Capítulo 4 Nenhuma Correspondência

SAGE

Na biblioteca, sentamo-nos junto à janela. O Leo espalha os lápis de cor e começa a pintar com uma concentração invejável. Eu pego num livro, mas passo mais tempo a observá-lo do que a ler. Gosto de ver como ele se perde nos desenhos, como se o mundo lá fora não existisse.

- Sage, olha! - Ele levanta uma folha com um dinossauro cor-de-laranja e um sol enorme no canto. - Este és tu, e este sou eu a jogar à bola.

- Está lindo, Leo. Vais ser um grande artista.

Ele sorri, orgulhoso, e volta ao trabalho. Por momentos, esqueço-me de tudo o resto.

Quando chega a hora de almoço, levo-o até minha casa. A avó Mila está sentada à mesa, a ler o jornal com as mãos a tremer um pouco.

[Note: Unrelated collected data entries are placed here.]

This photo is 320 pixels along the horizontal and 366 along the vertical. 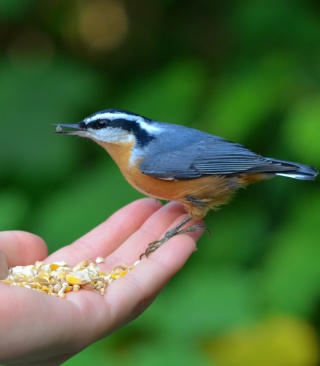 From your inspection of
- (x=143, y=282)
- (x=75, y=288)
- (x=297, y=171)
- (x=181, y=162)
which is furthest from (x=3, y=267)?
(x=297, y=171)

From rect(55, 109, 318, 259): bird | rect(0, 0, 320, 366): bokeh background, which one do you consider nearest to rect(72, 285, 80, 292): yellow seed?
rect(0, 0, 320, 366): bokeh background

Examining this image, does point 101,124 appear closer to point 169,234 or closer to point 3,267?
point 169,234

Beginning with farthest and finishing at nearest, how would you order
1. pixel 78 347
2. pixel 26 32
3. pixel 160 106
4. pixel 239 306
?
pixel 26 32 → pixel 160 106 → pixel 239 306 → pixel 78 347

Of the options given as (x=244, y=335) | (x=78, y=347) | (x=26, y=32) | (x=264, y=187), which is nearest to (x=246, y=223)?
(x=264, y=187)

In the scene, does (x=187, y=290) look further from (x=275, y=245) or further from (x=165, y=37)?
(x=165, y=37)

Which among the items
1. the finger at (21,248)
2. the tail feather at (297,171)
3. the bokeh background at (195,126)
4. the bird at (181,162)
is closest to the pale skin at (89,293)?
the finger at (21,248)

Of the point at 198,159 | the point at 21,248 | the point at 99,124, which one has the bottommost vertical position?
the point at 21,248

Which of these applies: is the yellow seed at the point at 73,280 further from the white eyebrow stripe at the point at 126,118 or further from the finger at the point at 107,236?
the white eyebrow stripe at the point at 126,118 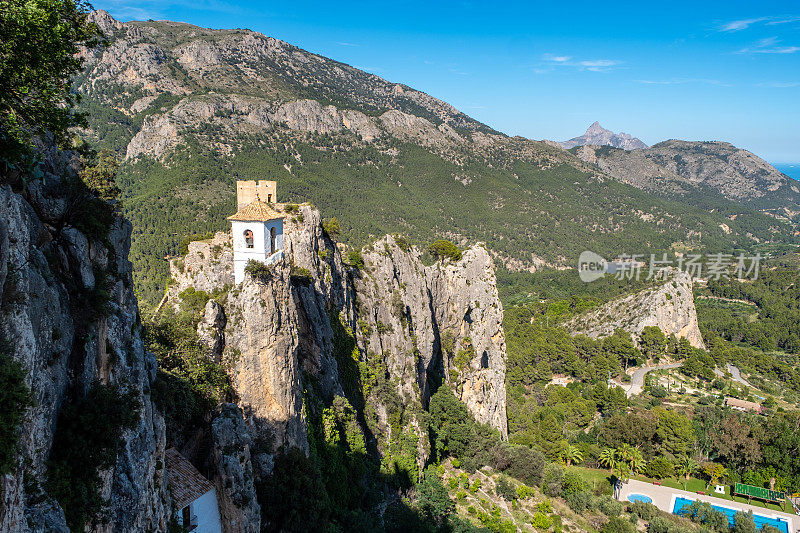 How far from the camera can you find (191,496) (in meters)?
16.0

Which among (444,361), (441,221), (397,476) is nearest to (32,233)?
(397,476)

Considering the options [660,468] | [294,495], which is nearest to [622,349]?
[660,468]

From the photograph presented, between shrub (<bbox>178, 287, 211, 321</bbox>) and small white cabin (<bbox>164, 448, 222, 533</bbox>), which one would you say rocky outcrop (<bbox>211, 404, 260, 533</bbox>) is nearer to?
small white cabin (<bbox>164, 448, 222, 533</bbox>)

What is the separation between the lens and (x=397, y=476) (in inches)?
1383

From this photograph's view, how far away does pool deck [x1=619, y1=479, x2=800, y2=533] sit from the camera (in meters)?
41.4

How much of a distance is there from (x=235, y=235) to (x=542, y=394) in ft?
186

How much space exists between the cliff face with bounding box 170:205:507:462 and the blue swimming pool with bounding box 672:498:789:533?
1777cm

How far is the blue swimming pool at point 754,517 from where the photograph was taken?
40328mm

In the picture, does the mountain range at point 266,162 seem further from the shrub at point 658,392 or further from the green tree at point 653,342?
the shrub at point 658,392

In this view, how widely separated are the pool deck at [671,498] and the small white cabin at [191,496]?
42.8 metres

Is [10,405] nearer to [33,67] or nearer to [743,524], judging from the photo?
[33,67]

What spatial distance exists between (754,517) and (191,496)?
50793mm

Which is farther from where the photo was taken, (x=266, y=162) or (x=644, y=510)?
(x=266, y=162)

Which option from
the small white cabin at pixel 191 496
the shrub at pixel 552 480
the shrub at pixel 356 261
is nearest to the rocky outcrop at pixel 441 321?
the shrub at pixel 356 261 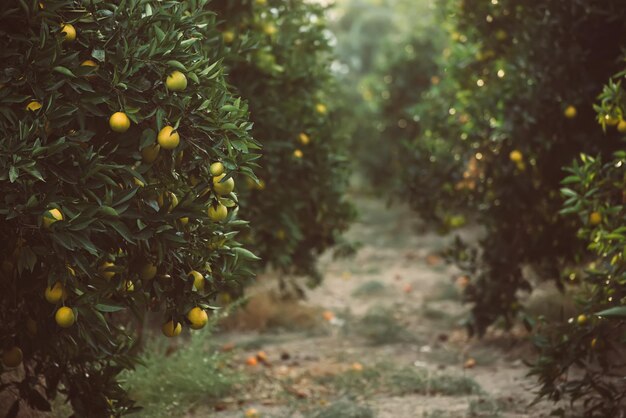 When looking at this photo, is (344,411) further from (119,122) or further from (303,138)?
(119,122)

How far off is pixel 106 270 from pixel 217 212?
21.2 inches

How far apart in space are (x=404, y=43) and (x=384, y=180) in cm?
292

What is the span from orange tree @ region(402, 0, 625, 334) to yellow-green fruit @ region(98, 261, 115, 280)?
357 cm

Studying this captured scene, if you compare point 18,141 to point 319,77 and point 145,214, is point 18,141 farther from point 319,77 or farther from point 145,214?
point 319,77

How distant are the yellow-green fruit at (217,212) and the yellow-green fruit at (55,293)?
695 mm

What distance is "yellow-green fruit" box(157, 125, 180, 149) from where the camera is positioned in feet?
10.3

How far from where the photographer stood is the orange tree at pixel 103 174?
3.01 m

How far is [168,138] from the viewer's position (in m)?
3.13

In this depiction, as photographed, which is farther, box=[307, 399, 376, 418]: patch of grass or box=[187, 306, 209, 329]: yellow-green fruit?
box=[307, 399, 376, 418]: patch of grass

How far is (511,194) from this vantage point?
6.36m

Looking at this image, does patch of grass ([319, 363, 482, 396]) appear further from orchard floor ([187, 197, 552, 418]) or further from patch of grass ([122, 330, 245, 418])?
patch of grass ([122, 330, 245, 418])

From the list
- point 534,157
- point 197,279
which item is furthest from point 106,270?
point 534,157

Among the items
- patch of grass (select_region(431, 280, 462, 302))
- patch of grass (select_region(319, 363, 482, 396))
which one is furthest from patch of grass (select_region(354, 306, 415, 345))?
patch of grass (select_region(319, 363, 482, 396))

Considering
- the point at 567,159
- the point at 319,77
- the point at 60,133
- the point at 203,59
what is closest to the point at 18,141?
the point at 60,133
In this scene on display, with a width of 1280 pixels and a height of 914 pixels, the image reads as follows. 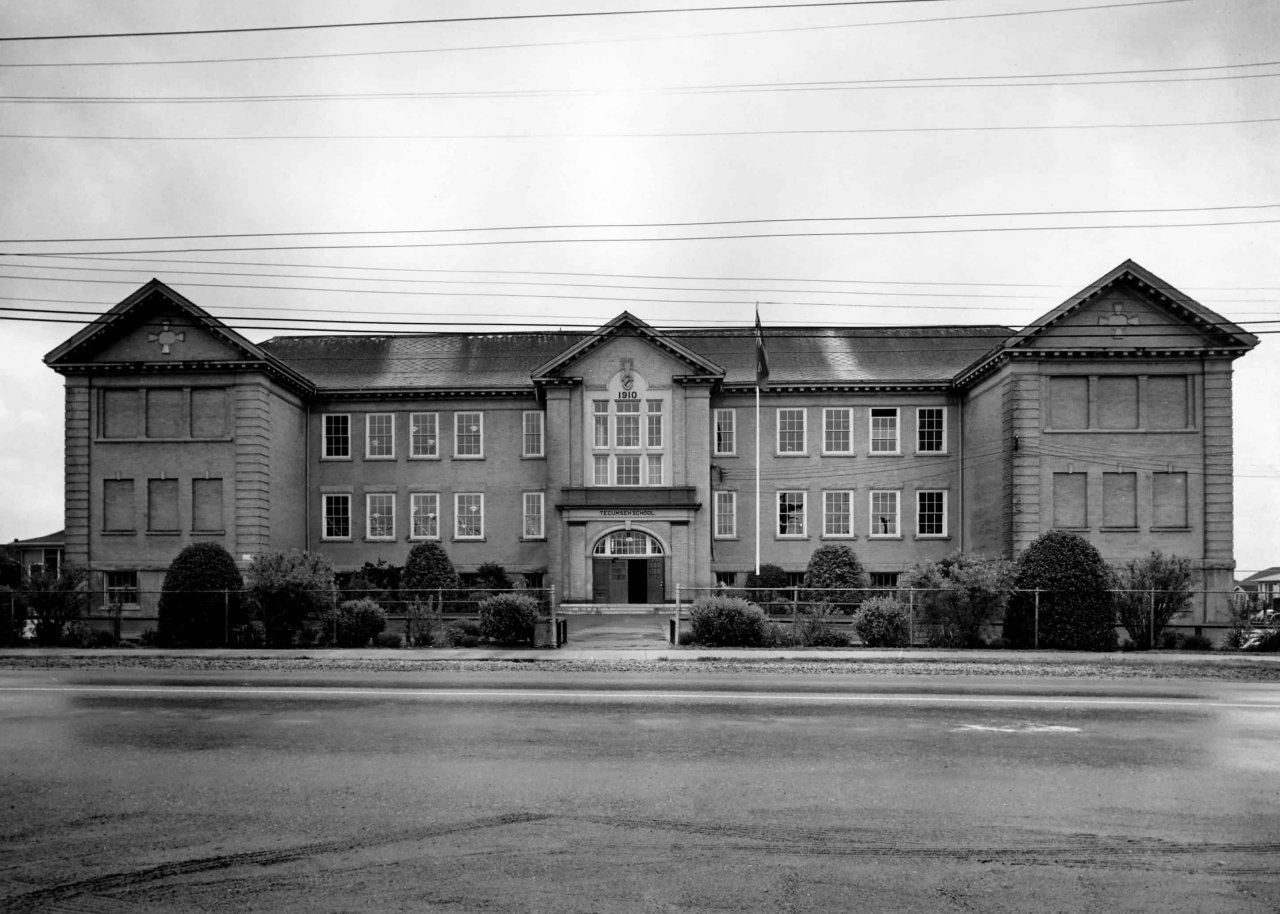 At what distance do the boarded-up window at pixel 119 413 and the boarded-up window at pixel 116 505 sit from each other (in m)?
1.92

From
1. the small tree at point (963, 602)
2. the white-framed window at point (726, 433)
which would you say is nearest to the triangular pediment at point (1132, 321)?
the white-framed window at point (726, 433)

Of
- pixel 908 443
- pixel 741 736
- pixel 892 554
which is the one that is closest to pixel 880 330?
pixel 908 443

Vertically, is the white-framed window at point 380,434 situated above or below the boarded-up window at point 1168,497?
above

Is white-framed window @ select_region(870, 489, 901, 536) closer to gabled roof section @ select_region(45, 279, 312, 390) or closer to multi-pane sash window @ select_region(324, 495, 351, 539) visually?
multi-pane sash window @ select_region(324, 495, 351, 539)

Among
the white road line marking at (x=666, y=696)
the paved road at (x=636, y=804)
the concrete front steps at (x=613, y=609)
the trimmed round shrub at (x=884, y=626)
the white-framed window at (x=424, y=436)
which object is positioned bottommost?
the concrete front steps at (x=613, y=609)

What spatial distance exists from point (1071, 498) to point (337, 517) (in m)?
29.8

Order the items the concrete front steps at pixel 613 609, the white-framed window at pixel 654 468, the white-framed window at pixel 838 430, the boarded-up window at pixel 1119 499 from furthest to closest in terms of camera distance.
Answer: the white-framed window at pixel 838 430 < the white-framed window at pixel 654 468 < the concrete front steps at pixel 613 609 < the boarded-up window at pixel 1119 499

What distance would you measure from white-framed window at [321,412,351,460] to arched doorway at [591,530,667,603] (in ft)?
41.0

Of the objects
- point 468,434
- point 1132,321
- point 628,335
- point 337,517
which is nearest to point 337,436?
point 337,517

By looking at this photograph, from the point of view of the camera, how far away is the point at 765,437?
1694 inches

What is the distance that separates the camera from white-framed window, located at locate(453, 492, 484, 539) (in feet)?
141

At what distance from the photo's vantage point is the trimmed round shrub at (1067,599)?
24.5 metres

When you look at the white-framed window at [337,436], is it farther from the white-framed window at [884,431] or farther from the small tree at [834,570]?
the white-framed window at [884,431]

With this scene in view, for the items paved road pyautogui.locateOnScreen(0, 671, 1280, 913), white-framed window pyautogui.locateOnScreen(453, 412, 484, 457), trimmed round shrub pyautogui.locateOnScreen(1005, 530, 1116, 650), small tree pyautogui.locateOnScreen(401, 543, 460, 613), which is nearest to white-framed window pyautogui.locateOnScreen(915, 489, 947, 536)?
trimmed round shrub pyautogui.locateOnScreen(1005, 530, 1116, 650) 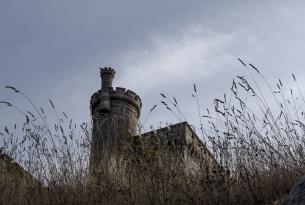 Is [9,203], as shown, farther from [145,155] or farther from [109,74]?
[109,74]

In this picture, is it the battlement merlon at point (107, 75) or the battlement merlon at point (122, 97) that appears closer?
the battlement merlon at point (122, 97)

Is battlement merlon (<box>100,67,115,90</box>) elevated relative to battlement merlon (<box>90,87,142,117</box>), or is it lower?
elevated

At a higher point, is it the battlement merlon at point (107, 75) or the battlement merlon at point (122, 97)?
the battlement merlon at point (107, 75)

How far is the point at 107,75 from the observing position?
57.3 ft

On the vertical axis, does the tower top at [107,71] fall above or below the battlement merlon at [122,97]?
above

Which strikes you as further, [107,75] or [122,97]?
[107,75]

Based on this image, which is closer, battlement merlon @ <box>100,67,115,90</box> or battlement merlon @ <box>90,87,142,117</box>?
battlement merlon @ <box>90,87,142,117</box>

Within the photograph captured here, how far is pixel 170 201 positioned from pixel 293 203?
1.66 metres

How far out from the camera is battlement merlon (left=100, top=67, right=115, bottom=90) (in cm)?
1689

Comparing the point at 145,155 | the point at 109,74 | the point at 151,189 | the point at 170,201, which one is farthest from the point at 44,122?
the point at 109,74

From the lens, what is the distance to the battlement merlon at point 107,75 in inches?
665

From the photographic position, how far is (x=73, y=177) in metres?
5.16

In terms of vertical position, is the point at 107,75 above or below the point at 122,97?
above

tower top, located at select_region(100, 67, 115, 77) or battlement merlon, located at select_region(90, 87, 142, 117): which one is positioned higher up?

- Avó, este é o Leo, filho do Thunder. Hoje estou a tomar conta dele.

Ela sorri-lhe, calorosa.

- Muito prazer, Leo. Espero que gostes da nossa comida.

- Gosto de tudo, menos de cebola - responde ele, tímido.

Rimos os três. Faço massa com frango e legumes, simples e rápido. Enquanto cozinho, explico à minha avó sobre o novo emprego no ginásio.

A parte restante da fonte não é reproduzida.